L’inadeguatezza di una classe politica che troppo spesso, tanto a livello nazionale quanto a livello locale, continua a fomentare la rabbia degli italiani giocando con i loro istinti più primordiali, invece di fornire loro risposte adeguate alle sfide che si palesano di volta in volta, è sintetizzata in quel gesto apparentemente goliardico e in realtà criminale, contrario alla legge oltre che al senso del dovere: il presidente del Consiglio regionale dell’Abruzzo, Lorenzo Sospiri di Forza Italia, che ha fatto ammainare la bandiera europea in polemica per la presunta mancanza di solidarietà da parte dell’Ue verso il nostro Paese.

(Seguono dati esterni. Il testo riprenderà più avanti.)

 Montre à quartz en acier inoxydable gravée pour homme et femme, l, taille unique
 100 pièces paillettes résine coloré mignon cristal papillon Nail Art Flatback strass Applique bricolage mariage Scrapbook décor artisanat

Un gesto purtroppo non isolato, con protagonisti sempre e ovviamente personaggi appartenenti all’area di centrodestra, quella che al momento si trova all’opposizione e ribolle di rabbia nel veder crescere giorno dopo giorno la popolarità del premier Giuseppe Conte, l’uomo che sta tentando in questi giorni complicati di trovare una quadra con Bruxelles per mettere le basi di una futura, rapida ricostruzione economica. Per sfidare Palazzo Chigi e ricavarsi visibilità, l’unica strategia possibile è alzare l’asticella: suggerire agli italiani che, proprio nel bel mezzo della crisi, sia giusto abbandonare l’Europa e tentare di cavarsela da soli.
Un ragionamento insensato, irresponsabile, pericoloso. Dato in pasto agli elettori da quegli stessi partiti che, in realtà, non si azzarderebbero mai e poi mai a portare l’Italia fuori dall’Unione. Non lo pensano nemmeno. Lo ha chiarito tante volte Berlusconi, lo ha spiegato il leghista Borghi con chiarezza. E allora quel gesto, quella bandiera ammainata, si rivela per quello che è: una provocazione vuota, buona soltanto a catturare qualche like sui social, a generare qualche commento furioso da utenti esasperati. Ed è contrario alla legge, quindi va punito.
Battersi per gli interessi nazionali non significa inneggiare su Facebook a bandiere europee ammainate e bruciate. Significa portare avanti le proprie ragioni con determinazione nelle sedi opportune, Bruxelles in primis, per costruire pian piano un’Europa diversa, più equa e solidale. L’emergenza coronavirus ha portato alla luce, inesorabile, tutti i problemi ancora iscritti nel dna dell’Unione. Per cambiarla, però, serve responsabilità, non facili slogan di piazza.